Esto deja abierta la pregunta de qué valor, si alguno, tienen la verdad y la contemplación, más allá de su ensimismado valor teorético. Tal cuestión remite a una forma superior de axiología, desde la que pudiera medirse el valor del pensamiento y la verdad en confrontación con otros tipos de valores, como el ético o práctico, o el estético, o el religioso… La cuestión quedaría abierta, por cierto, incluso aunque se llegase a la conclusión de que es la filosofía la única que puede dirimirla. Esto es, en cualquier caso, asunto para otra ocasión. Lo que nos ocupa aquí es esto otro: la filosofía no es ni está mezclada indisolublemente con un “saber”-vivir, con una praxis. Su modo de validez es autónomo, intrínseco.


Cuanto hemos dicho se funda, recordemos, en la idea central de que el valor teorético es indeducible del valor práctico (y viceversa). Sin embargo, obviamente (y como toda tesis filosófica) esta tesis es controvertible. El pragmatista trascendental podría decirnos algo así: “pero ¿es qué dices que se funda la creencia del teórico en sus axiomas y en sus procedimientos? Si dices que se fundan en sí mismos es una petición de principios o una circularidad. En verdad, se fundan en la decisión de creer en eso: un axioma o un procedimiento considerado teoréticamente válido no es más que una proposición que se quiere creer firmemente”. Así han predicado, por ejemplo, Nietzsche y sus seguidores, o Wittgenstein y los suyos, y, a su modo, el pragmatismo analítico ha llegado hasta ahí cuando no ha podido encontrar el último anclaje de todo valor de verdad más que en el criterio pragmático.

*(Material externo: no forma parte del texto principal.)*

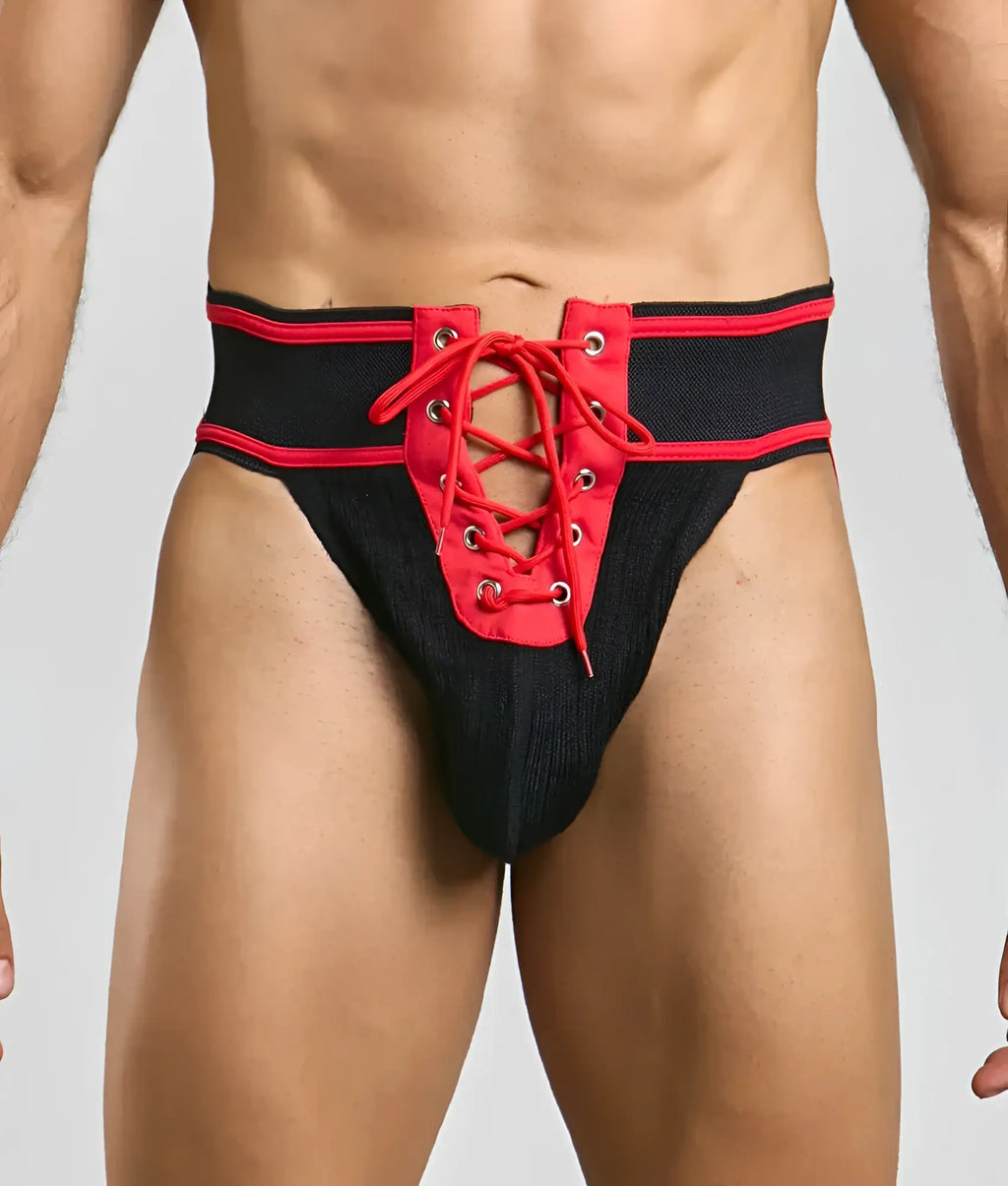 Mob football jockstrap in black and red with lace-up design and textured fabric waistband front view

Este es, sin duda, un profundo debate filosófico. ¿Cómo podremos dirimirlo? ¿Cómo sabemos si es más “correcta” la posición pragmatista o la contraria? Parece evidente que la corrección que buscamos aquí no es otra que la de la verdad: si fuera cuestión de decisión, conveniencia, etc., podríamos ahorrarnos todos los argumentos. Si es así, resulta que, aunque la filosofía, o el pensamiento teórico en general, no puede, quizás, erigirse en el valor supremo, tampoco puede renunciar a lo que solo le pertenece a ella, a él.